Özgür Gürbüz-BirGün/8 Nisan 2016
|
Jasmin Blasco ve Pico Studio |
Uzayda doğmuş
ilk dünyalıya ne denir? Uzaylı elbette. Yıllardır uzaylıların dünyaya gelip,
“ben dostum” demesini bekleyenlerin bu sıralar mırıldandığı bir şarkı var.

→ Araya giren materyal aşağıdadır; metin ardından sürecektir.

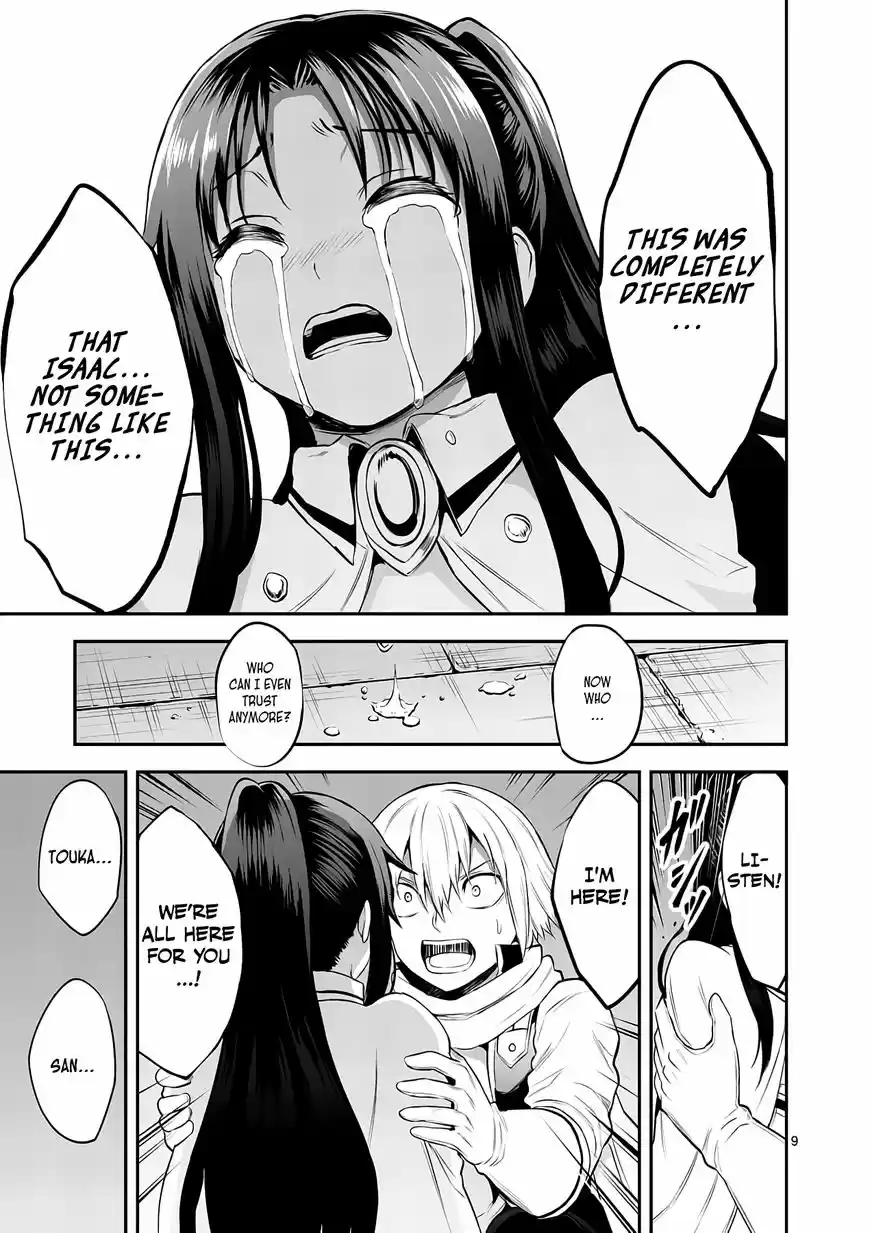 Yuusha ga Shinda! 145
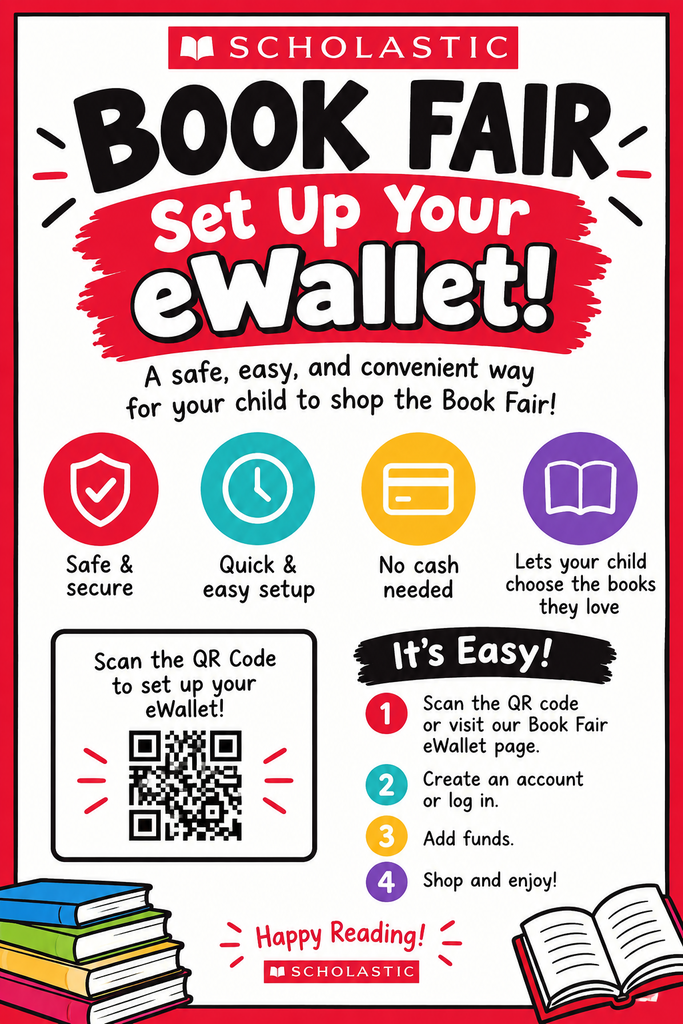 Book Fair QR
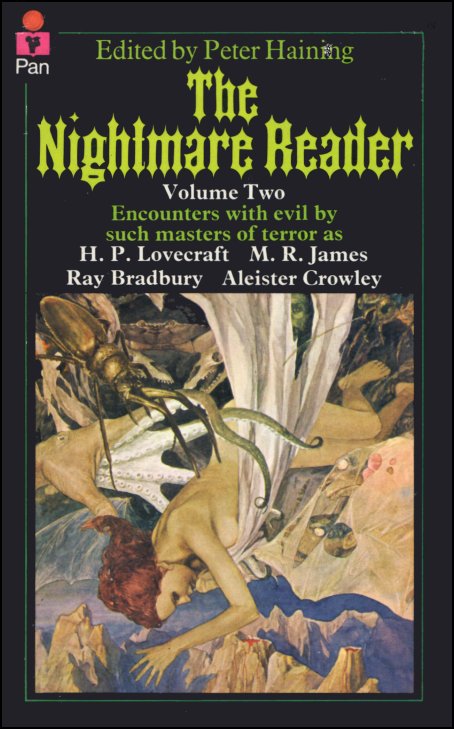 The Nighmare Reader 2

Şarkının da, “çabuk gelin, yok olmadan” diye bir nakaratı var. Bu şarkının
İstanbul Modern’deki “Yok Olmadan” sergisinden ilham aldığı yönünde rivayet
çok. Sergi salonlarını doğanın korunması için açan İstanbul Modern’in bu son
sergisi oldukça farklı sanatçılardan, bize yaşadığımız çevreyi hatırlatacak,
sorunları düşündürecek onlarca eserle dolu. Sergiye Jasmin Blasco’nun, “Uzayda Doğmuş
İlk İnsan”ıyla başlayabilirsiniz. Sanatçının kurgusu, bu ‘uzaylı’nın dünyayı
ziyaretine hazırlanışını, dünyanın dışarıdan nasıl göründüğünü anlatıyor.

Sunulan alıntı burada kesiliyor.